1.  A station issues 3800 tickets covering 200 destinations. Show that there are at least 6 destinations for which the number of tickets sold is the same. Show that this is not necessarily true for 7.

2.  The triangle ABC has ∠A > ∠C. P lies inside the triangle so that ∠PAC = ∠C. Q is taken outside the triangle so that BQ parallel to AC and PQ is parallel to AB. R is taken on AC (on the same side of the line AP as C) so that ∠PRQ = ∠C. Show that the circles ABC and PQR touch.

3.  a, b, c are positive integers satisfying 1/a - 1/b = 1/c and d is their greatest common divisor. Prove that abcd and d(b - a) are squares.

4.  Show that:     xy + yz + zx = 12

      xyz - x - y - z = 2 have a unique solution in the positive reals. Show that there is a solution with x, y, z distinct reals.

Solutions

Problem 1

A station issues 3800 tickets covering 200 destinations. Show that there are at least 6 destinations for which the number of tickets sold is the same.

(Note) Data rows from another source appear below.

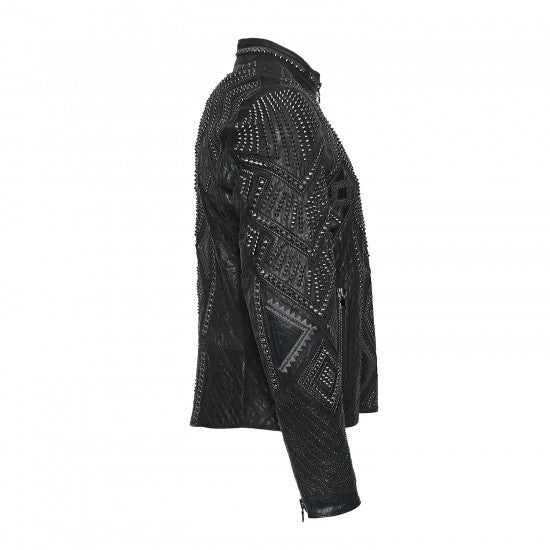 Black Sheepskin Swarovski Embellished Jacket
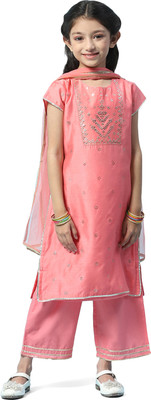 BIBA Girls Festive & Party Kurta and Trouser Set(Pink Pack of 3)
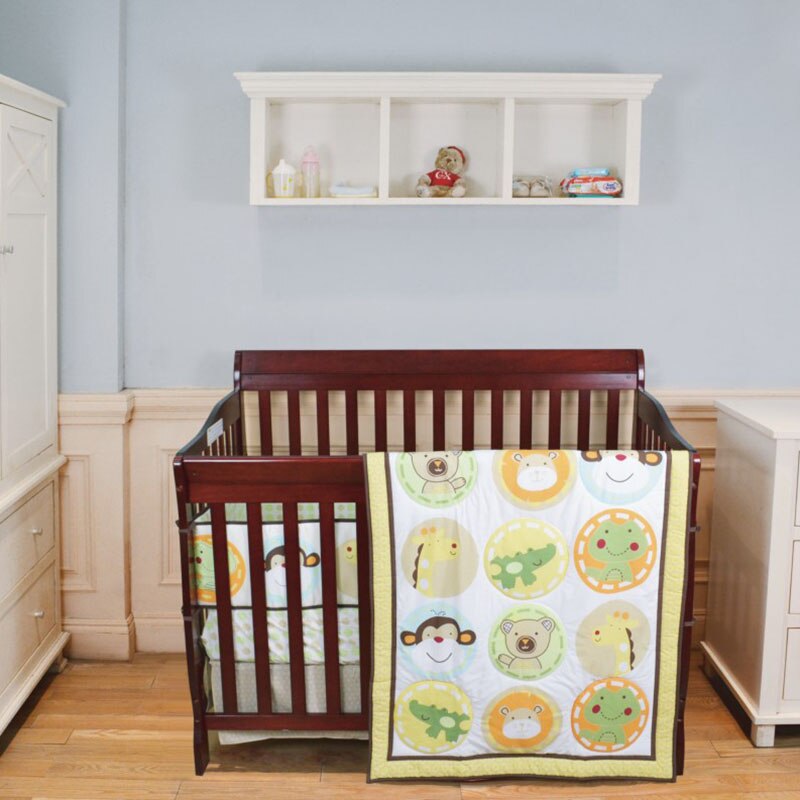 Ademend Baby Beddengoed Set Katoenen Baby Cot Kit Wasbare Crib Beddengoed Set Zomer Stoppen Bed Protector Voor Baby Bed Pak: Rood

Show that this is not necessarily true for 7.

Solution

There is some ambiguity as to whether the station can issue 0 tickets for a particular destination. Suppose 5 destinations had 0 tickets, then would it be true that the station issued "3800 tickets covering 200 destinations"? It would be more natural to say 3800 tickets covering 195 destinations. However, the point is not important, because the result is true either way.

If we allow zero, then the smallest possible number of tickets that could be sold if no more than 5 destinations had the same number of tickets would be 5(1 + 2 + ... + 39) = 5·39·40/2 = 3900. The number of tickets would obviously be higher if we did not allow zero. In any case, only 3800 tickets were sold, so at least 6 destinations have the same number of tickets.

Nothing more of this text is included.